We can classify financial analysis according to the type of information available to carry it out. Thus, for example, we do a vertical analysis when we work with the financial statements of a company of the same year, while a horizontal analysis when we work with financial statements of several years.
Financial analysis can be vertical or horizontal, depending on the objectives of the analysis. The vertical analysis is applied to resolve some doubts related to the financial situation present in the company, on the other hand, when we carry out a horizontal analysis, we want to know its historical behavior.
The financial analysis of a company is a fundamental tool to know its health at an economic and accounting level. Its usefulness is beyond doubt, although it all depends on the type of report that is needed at all times.
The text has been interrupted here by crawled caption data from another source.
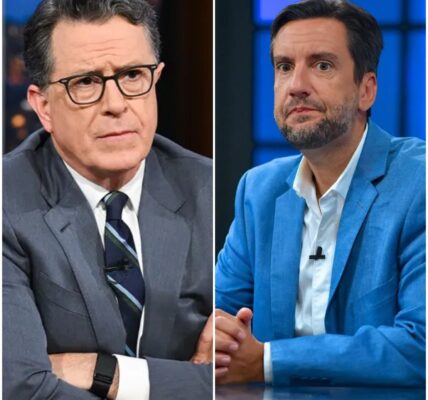 “‘HE’S NOT FUNNY’ — OutKick’s Clay Travis Tears Into CBS’s Cancellation of Stephen Colbert’s ‘Late Show’ on Fox News’ ‘Jesse Watters Primetime’!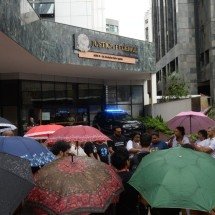 Brumadinho: ‘Tomo remédio pra dormir e acordar’, diz viúva de vítima - Tulio Santos/EM/D.A PRESS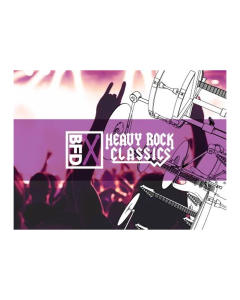 BFD Drums HEAVY ROCK CLASSICS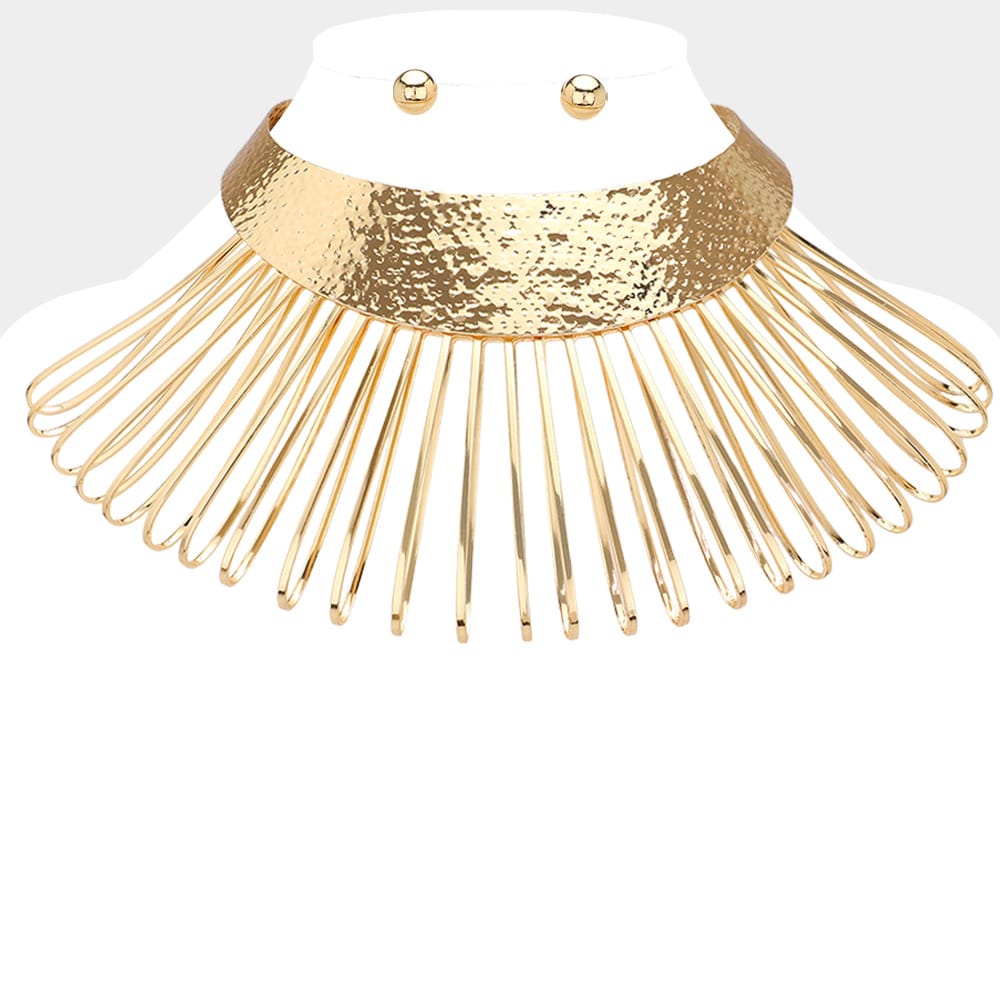 Zuri Choker Necklace Set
There are several types of financial analysis templates that are not mutually exclusive. The different modalities depend on the information that the analyst needs at all times. It is not the same to present a report to a bank to obtain financing than another to detect which activities of the company are the most and least relevant at the cost level.
These are the most important types of financial analysis:
Because of its temporary importance
– Vertical analysis
Also called static analysis, they are used to analyze common financial statements, such as the balance sheet or profit and loss statement. It is used to know the situation of a certain company at a certain moment of time.
At an external level, the vertical analysis is used to know if a company has obtained losses or not, what part of the profit can be distributed among the partners or shareholders and if it is necessary to make a decision regarding its liquidity . But it does not tell us anything about the evolution of the company in recent periods.
– Horizontal analysis
Horizontal or dynamic analyzes are a type of tool used to compare homogeneous financial statements between two consecutive periods. The purpose of this analysis is to determine the variations in all the accounting accounts from one period to another.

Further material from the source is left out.